Momentum Iduladha tidak dapat terpisahkan dari kisah ketaatan Nabi Ibrahim yang mendapat perintah Allah untuk menyembelih putranya, Ismail. Kisah ini kemudian menjadi suatu pengingat bagi orang muslim setiap kali menjelang hari raya Iduladha.
Namun, jauh sebelum itu terjadi kisah yang jarang terulas dan tidak banyak terperbincangkan adalah kebesaran hati seorang perempuan di balik perjuangan Nabi Ibrahim mendapatkan Ismail kecil. Adalah Siti Sarah, perempuan yang memiliki kecantikan hakiki dan keluhuran budi pekerti inilah yang meminta suaminya, Ibrahim untuk menikah dengan hamba sahayanya, Siti Hajar.

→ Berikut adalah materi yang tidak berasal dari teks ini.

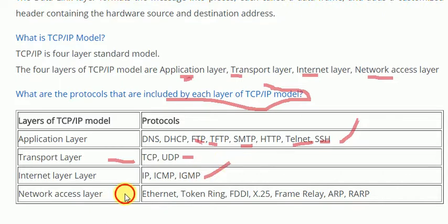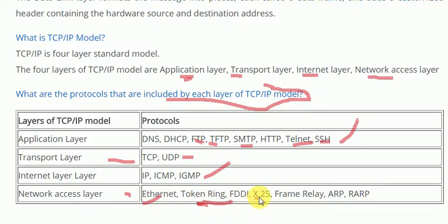Network access layer — the bottom layer — which protocols are used? Ethernet, Token Ring, FDDI, X.25, Frame Relay. Also ARP (Address Resolution Protocol) and RARP (Reverse Address Resolution Protocol). With that, this model has been completed.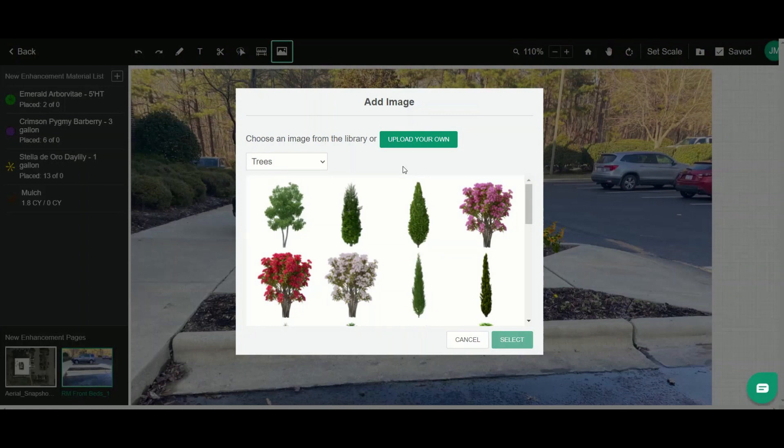If they're not in our library, you can also upload your own image here or do things like upload a logo to add to that photo or plan view.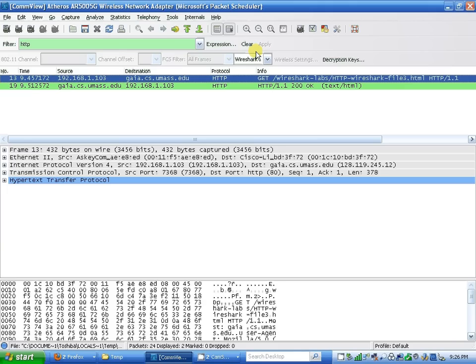I get the same exact thing: I'm getting two messages - GET Wireshark lab and HTTP/1.1, status code 200.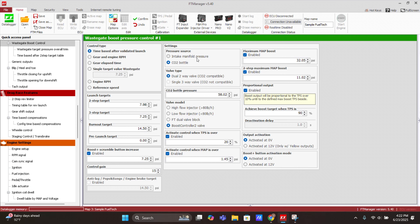Moving to the settings: as mentioned, there are two options — CO2 bottle based or intake manifold pressure. Intake manifold pressure allows you to use a dual valve or a single three-way valve. The most common setup for intake manifold pressure is a single three-way valve. If you're running a CO2 bottle, only the dual valve setup is compatible — using a single three-way valve would bleed CO2 out of the bottle unnecessarily and you'd run out of CO2 very quickly.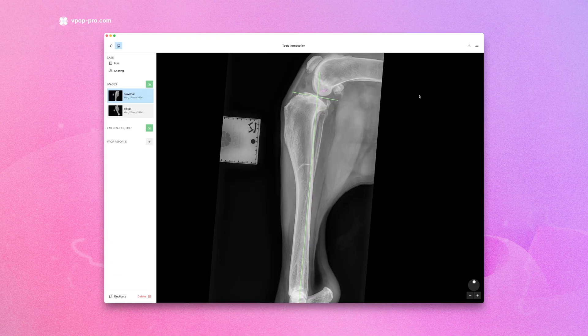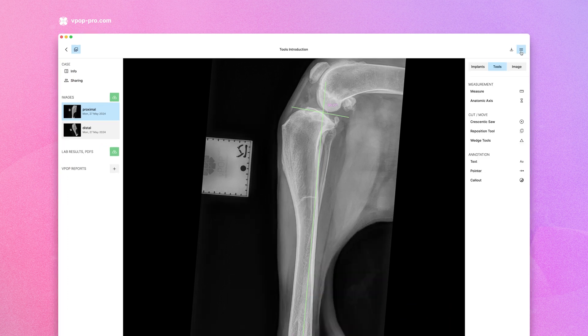To find the Crescentex Saw tool, open the menu in the top right corner. Choose Tools and select Crescentex Saw.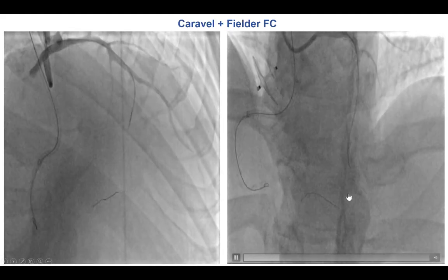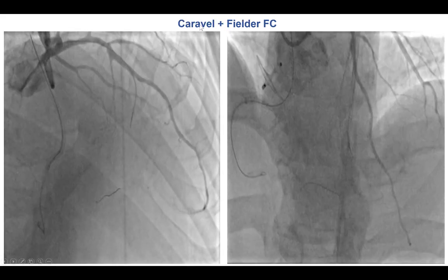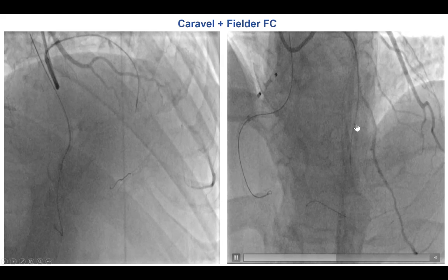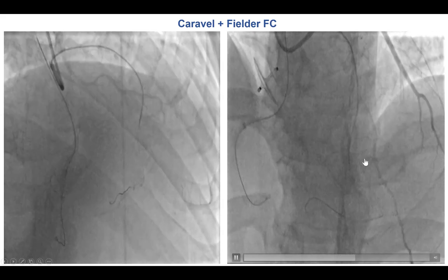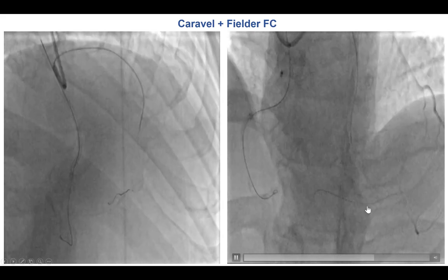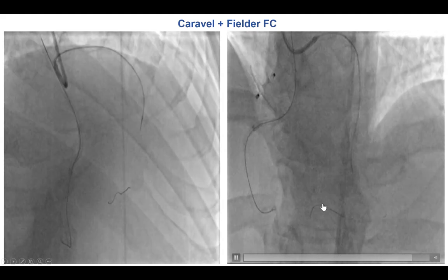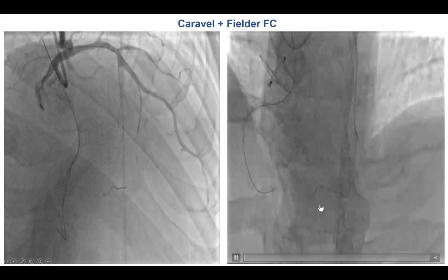Eventually, using the Caravelle and a Filder FC guide wire, we were able to cross into the right posterior descending artery.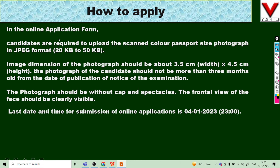For the online application, attach all required documents. You must attach a passport-size photograph in JPG format. The photo size should be minimum 20 KB and maximum 50 KB. The image dimensions should be 3.5 cm width and 4.5 cm height.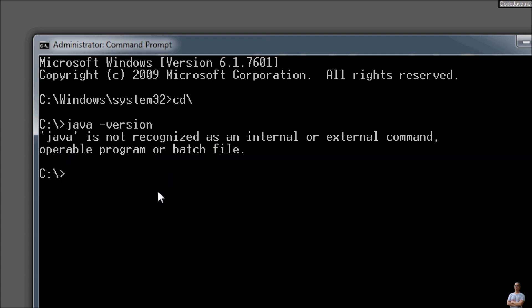To set the system environment variables for Java, first you need to use the SETX command with the option /M. This will set a system environment variable and store the value permanently in the Windows registry.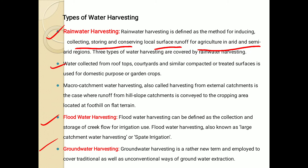The water collected from the rooftop, then courtyards, then similar compacted or treated surfaces is used for domestic purposes or garden crops. Those collected waters from harvesting are used for irrigation of crops, then for animals and other domestic use. Macro-catchment water harvesting, also called harvesting from external catchment, is the case where the runoff from hill slope catchment is conveyed to the cropping area located at a foothill on a flat terrain.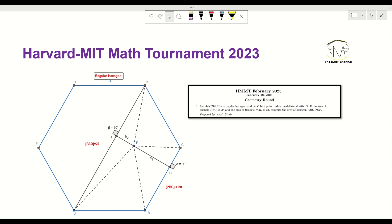Now let's see how we are going to solve this problem. I've drawn the hexagon ABCDEF, and P is a point inside ABCD. I have heights h1 and h2, where h1 is the height of triangle PBC and h2 is the height of triangle PAD. The reason I introduced h1 and h2 is that we have triangles PBC and PAD whose areas are given, and we want to find the area of the hexagon.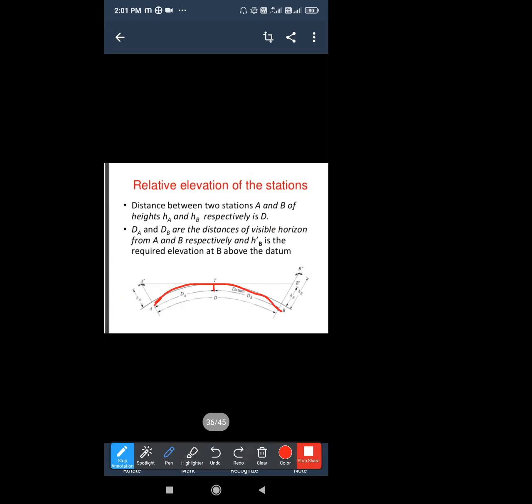T is the midpoint, and the distance between two stations is shown. The earth's surface curves along the datum line. B, A', and B' are the station heights. The station points are A and B, with heights HA and HB. Due to refraction and earth curvature, the effective height will be less.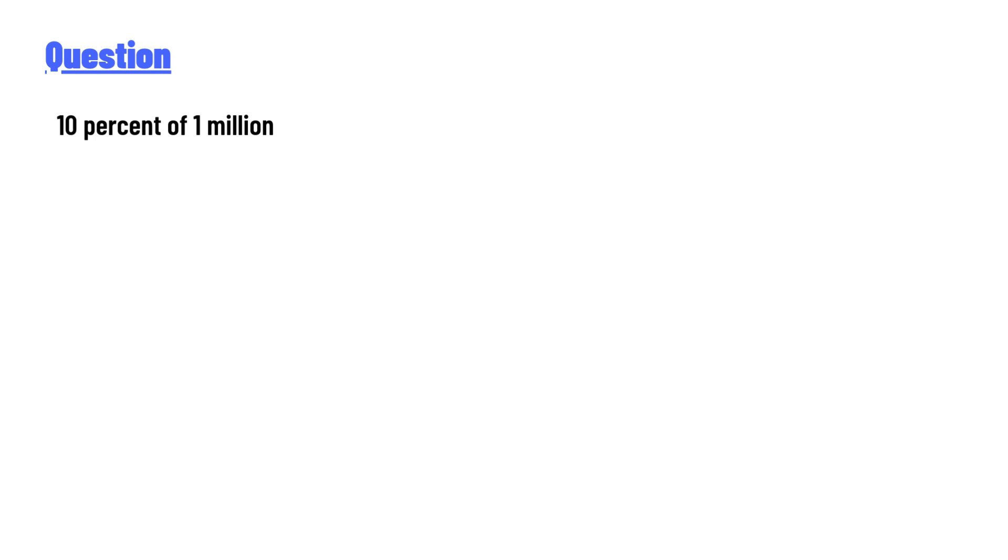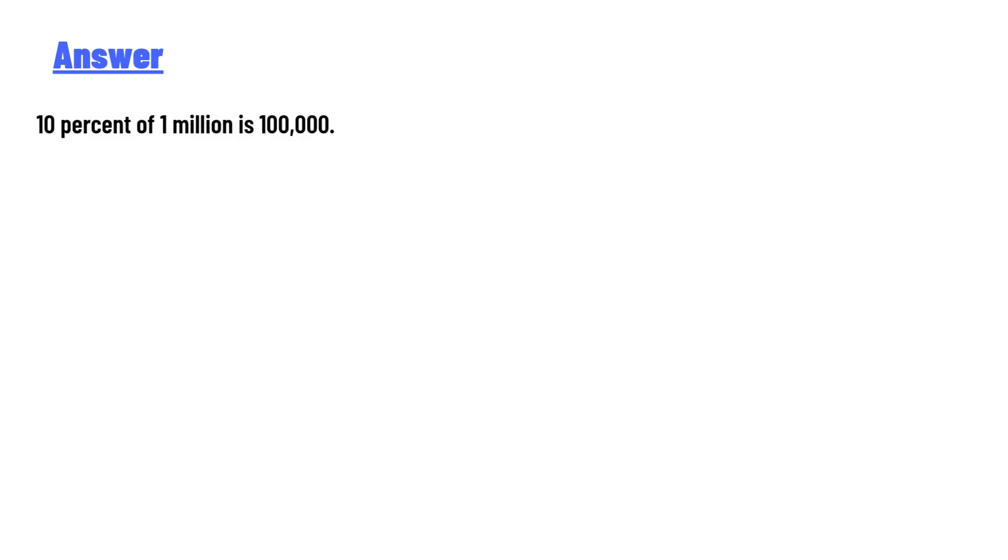10 percent of 1 million. The answer of the question is: 10 percent of 1 million is one lakh. So that's the correct answer of the question. If you have any question, just leave a comment. I'll be answering you as soon as I can.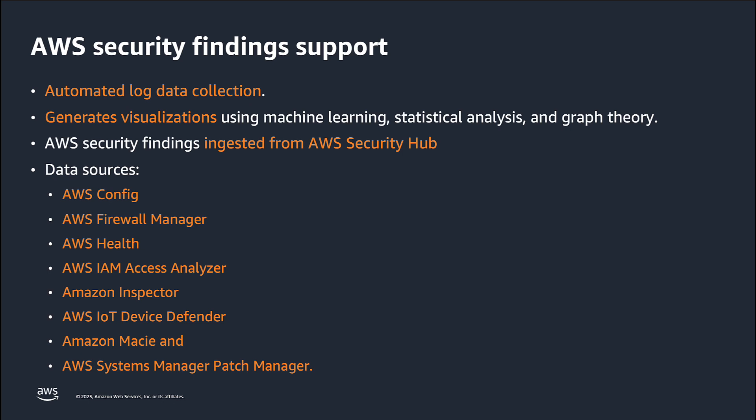Once the data sources are enabled, Detective will automatically group related security findings into finding groups to help you conduct faster investigations.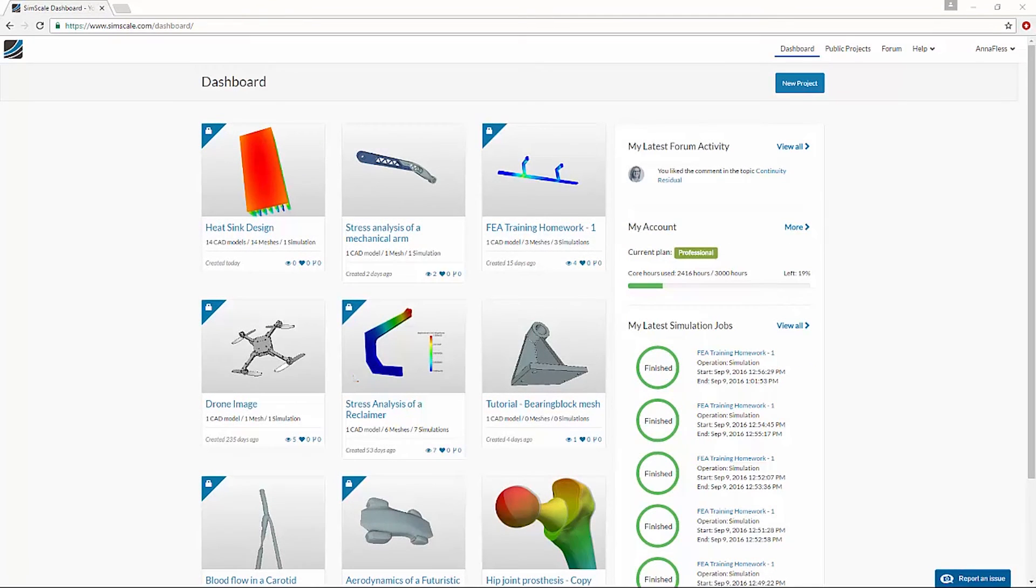From the dashboard, I can then open the project and start editing. It's as easy as that. Thanks for watching this video series, and happy simulating!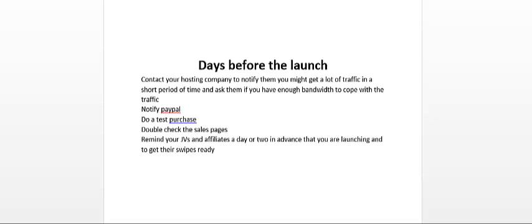So there's a few days before your launch and you want to make sure you have a checklist of the things you have to get done before then. One of the things you have to make sure to do is to contact your hosting company and notify them that you might get a lot of traffic in a short period of time and ask them if you have enough bandwidth to cope with this traffic.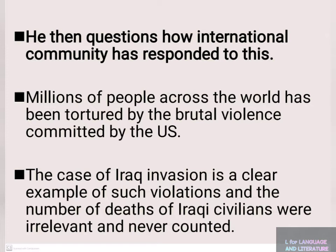Millions of people across the world have been subjected to brutal violence committed by the US. The case of the Iraq invasion is a clear example of such violations, and the number of deaths of Iraqi civilians were irrelevant and never counted.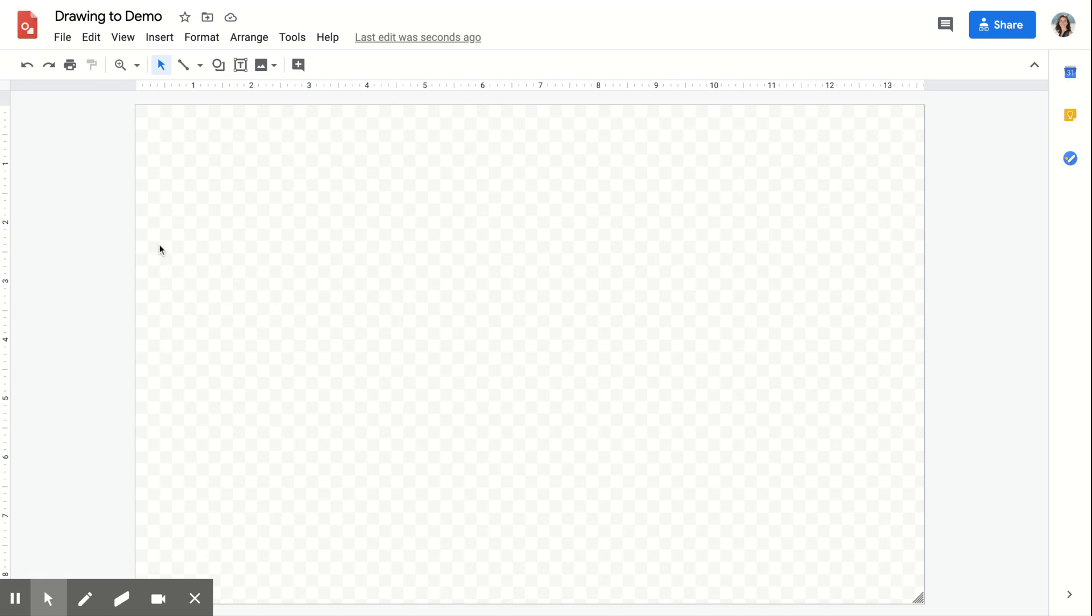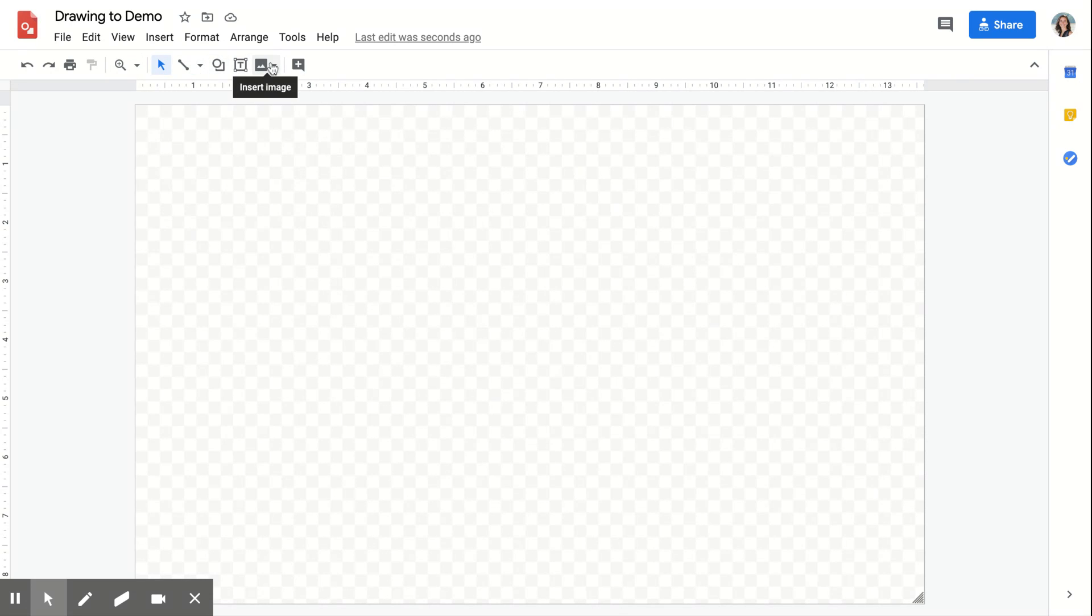Just like in the other G Suite tools, you can zoom, insert lines, shapes, text boxes, and images.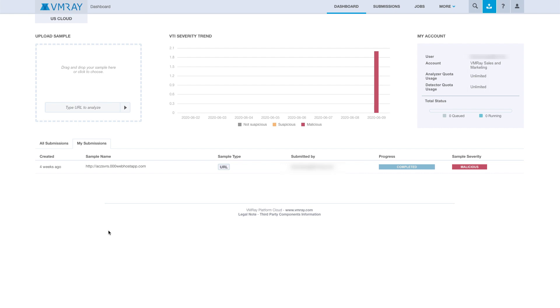Hello! Today we're going to be using the VMRay Interactive Analyzer to analyze a suspicious server.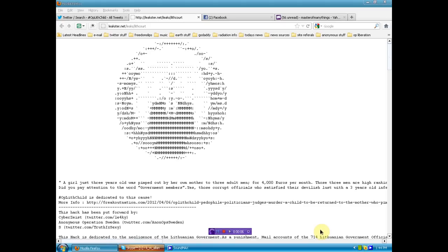We're at a page of leaked information from Anonymous in support of OpLithChild, and it came to my attention that maybe most people don't even know of this situation, and that many more would take action if they knew what was going on. So I'd like to read the overview of why, what, who, OpLithChild, and then you take the appropriate action.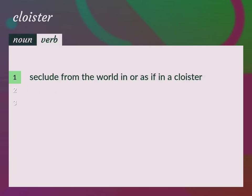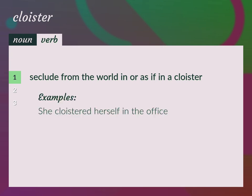Seclude from the world in or as if in a cloister. She cloistered herself in the office.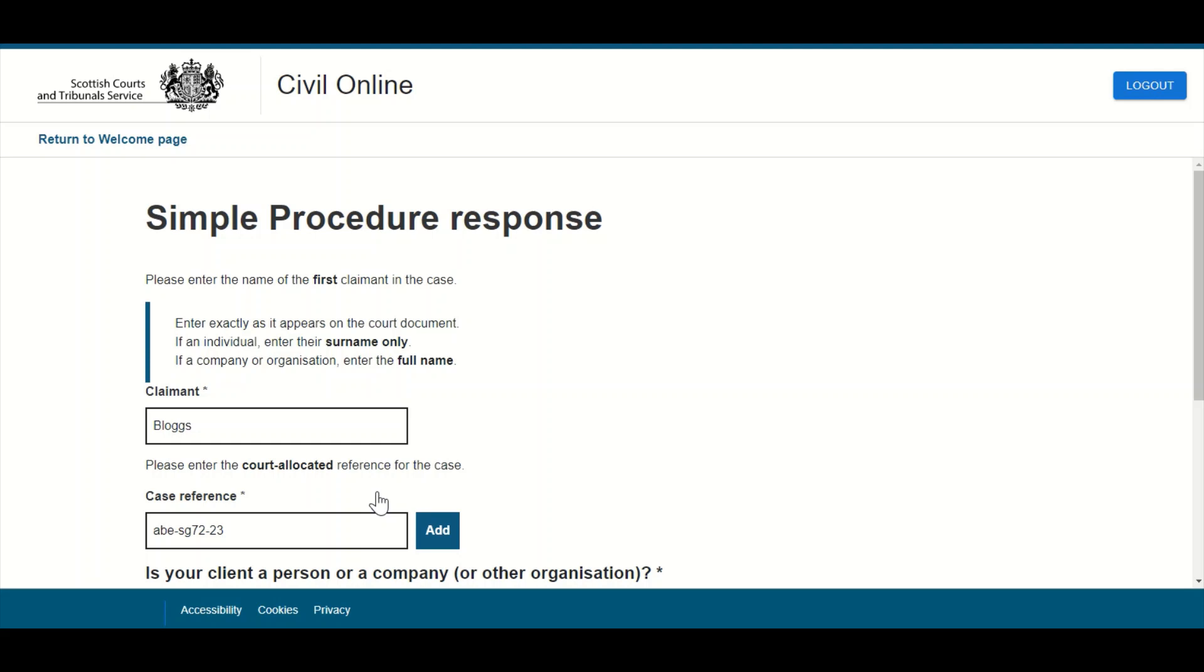When a draft is finally submitted to court, it will no longer display in the draft section of the portal.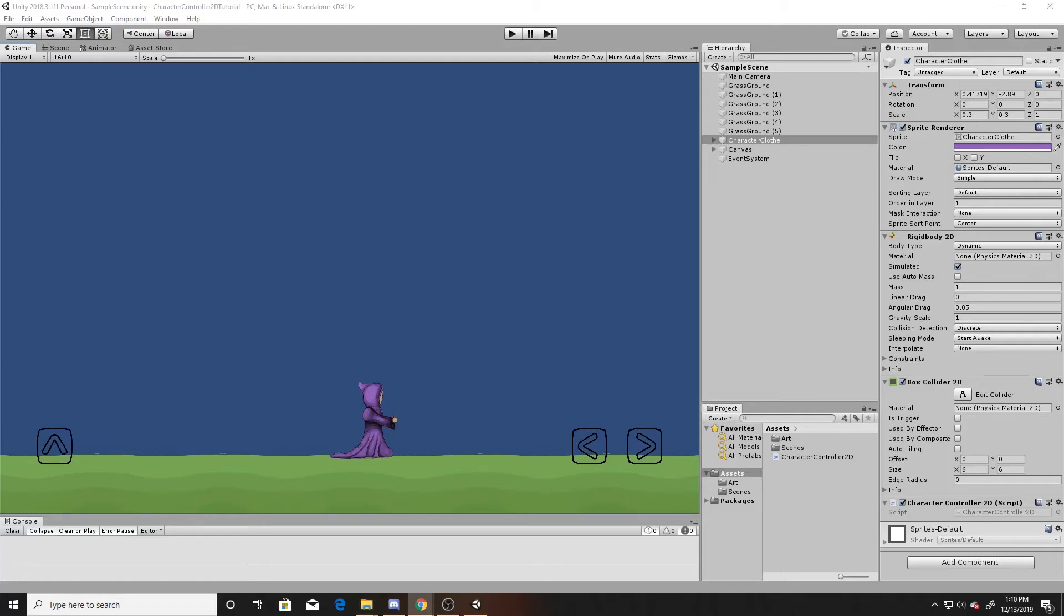Welcome to a Key Smash Studios tutorial. This video is going to cover 2D crouching. If you haven't watched the previous two parts that cover jumping and horizontal movement, be sure to go back and watch those. If you find this video helpful, please remember to like and subscribe.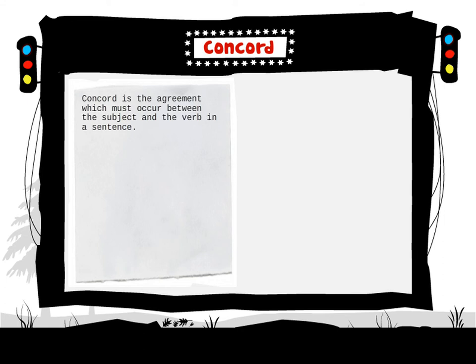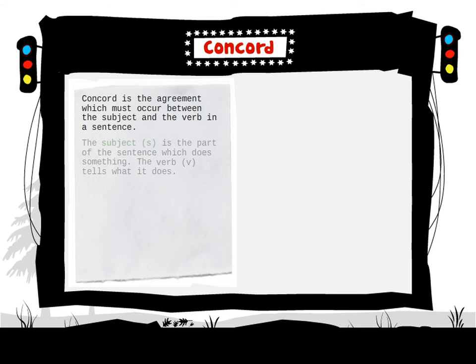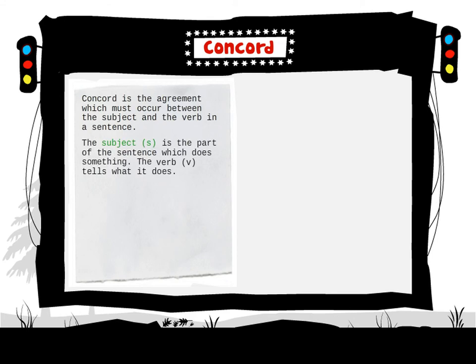Concord is the agreement which must occur between the subject and the verb in a sentence. The subject is the part of the sentence which does something. The verb tells what it does.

Siti Sarah terkenal sebagai perempuan tercantik di masanya, kesetiannya mendampingi Nabi Ibrahim dalam menyebarkan Islam. Keyakinan mantap yang Sarah lakukan untuk menemani hijrah dari kampung halaman menuju Mesir. Sesampainya di Mesir, seorang pengawal mengabarkan kepada Raja Amr bin Amru Al-Qais bahwa ada perempuan cantik yang mengagumkan bersama dengan Ibrahim. Raja tersebut terkenal sebagai raja yang sangat menggilai perempuan cantik meski telah bersuami.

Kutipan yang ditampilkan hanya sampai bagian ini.